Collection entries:

══════════════════════════════

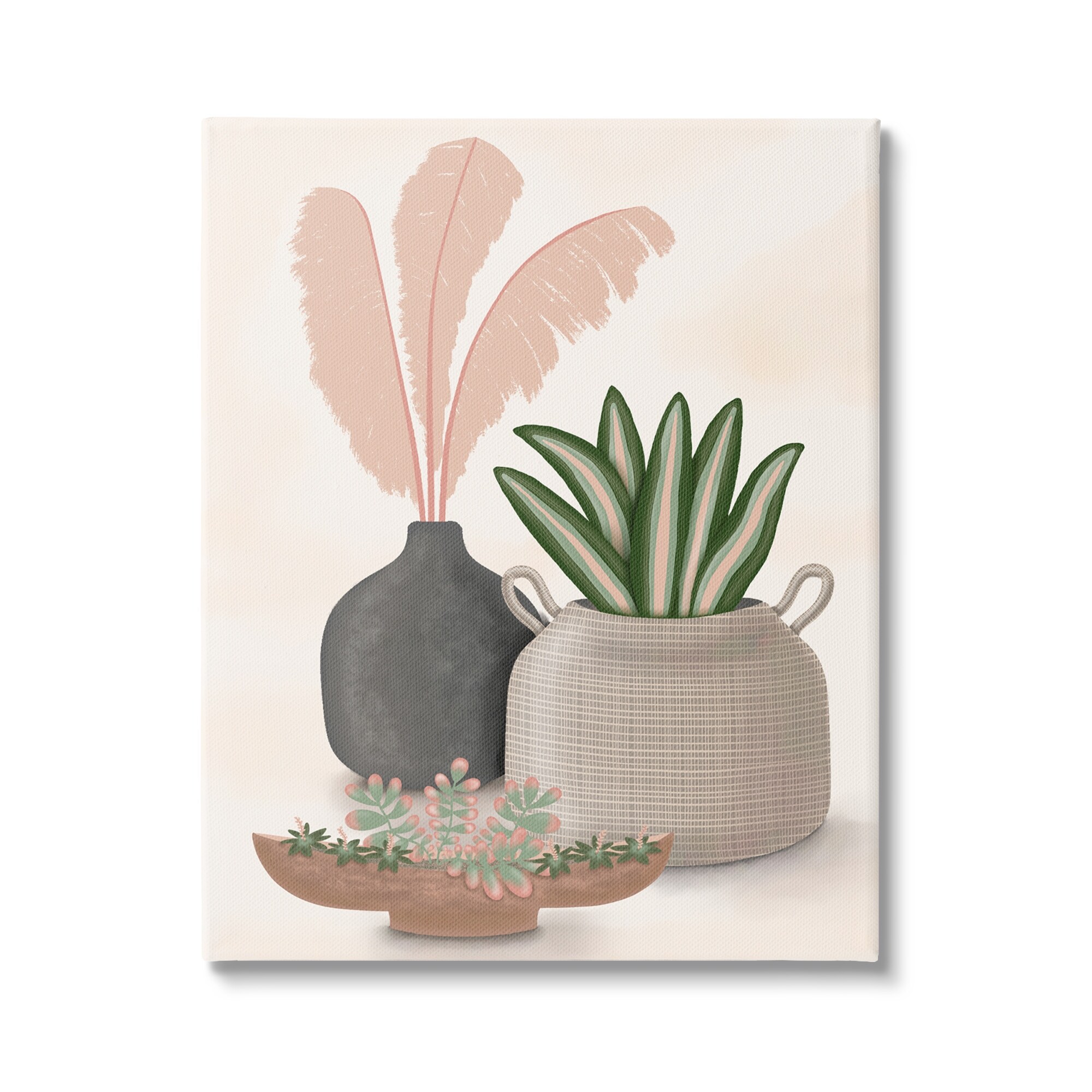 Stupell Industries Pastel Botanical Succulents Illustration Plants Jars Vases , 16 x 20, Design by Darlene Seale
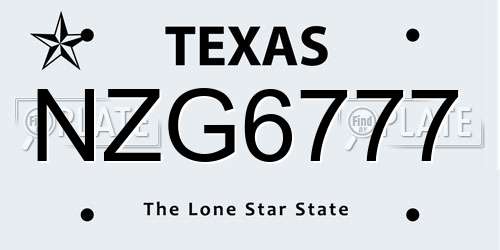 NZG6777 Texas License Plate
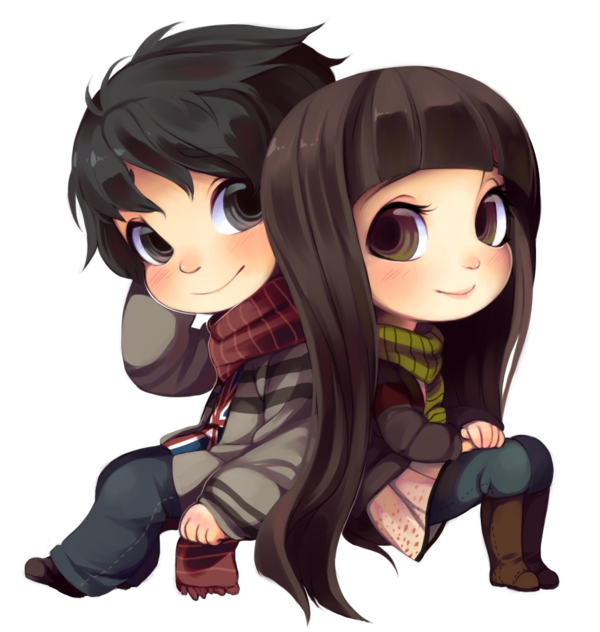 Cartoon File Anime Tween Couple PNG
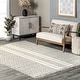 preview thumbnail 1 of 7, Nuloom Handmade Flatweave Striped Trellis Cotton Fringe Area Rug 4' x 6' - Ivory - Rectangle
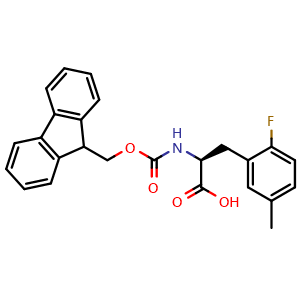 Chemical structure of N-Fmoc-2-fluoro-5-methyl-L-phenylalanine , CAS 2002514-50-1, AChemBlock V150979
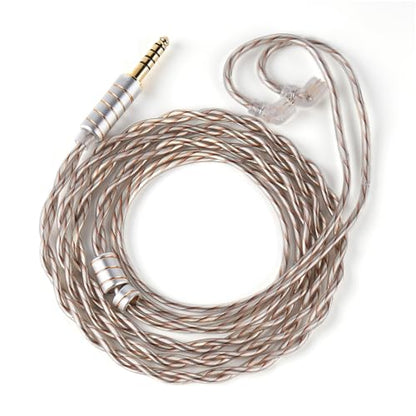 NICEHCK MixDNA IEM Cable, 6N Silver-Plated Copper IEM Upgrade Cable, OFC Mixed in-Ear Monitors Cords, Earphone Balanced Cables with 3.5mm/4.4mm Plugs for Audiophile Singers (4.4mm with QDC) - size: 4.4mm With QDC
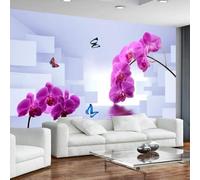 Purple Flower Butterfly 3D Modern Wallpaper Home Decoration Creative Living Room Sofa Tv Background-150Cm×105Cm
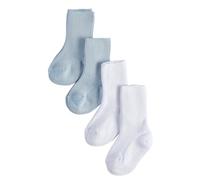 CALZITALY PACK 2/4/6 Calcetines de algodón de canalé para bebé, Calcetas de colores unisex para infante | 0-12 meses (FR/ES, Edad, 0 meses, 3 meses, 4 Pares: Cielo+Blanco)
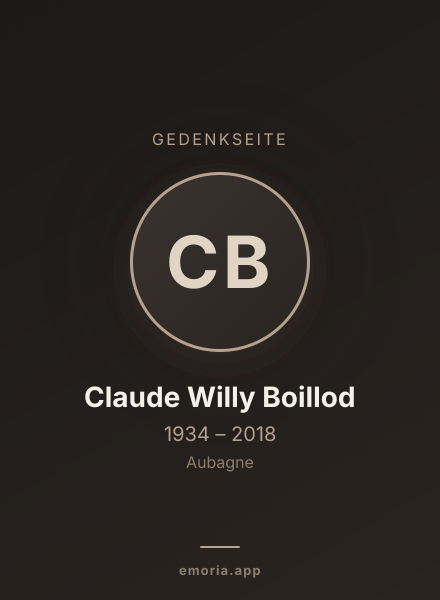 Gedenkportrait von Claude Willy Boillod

══════════════════════════════

Reproduce only the lines from the beginning of the data through the line that contains "Cartoon File Anime Tween Couple PNG", both included, and please drop the pictures.

Response box:
 Stupell Industries Pastel Botanical Succulents Illustration Plants Jars Vases , 16 x 20, Design by Darlene Seale
 NZG6777 Texas License Plate
 Cartoon File Anime Tween Couple PNG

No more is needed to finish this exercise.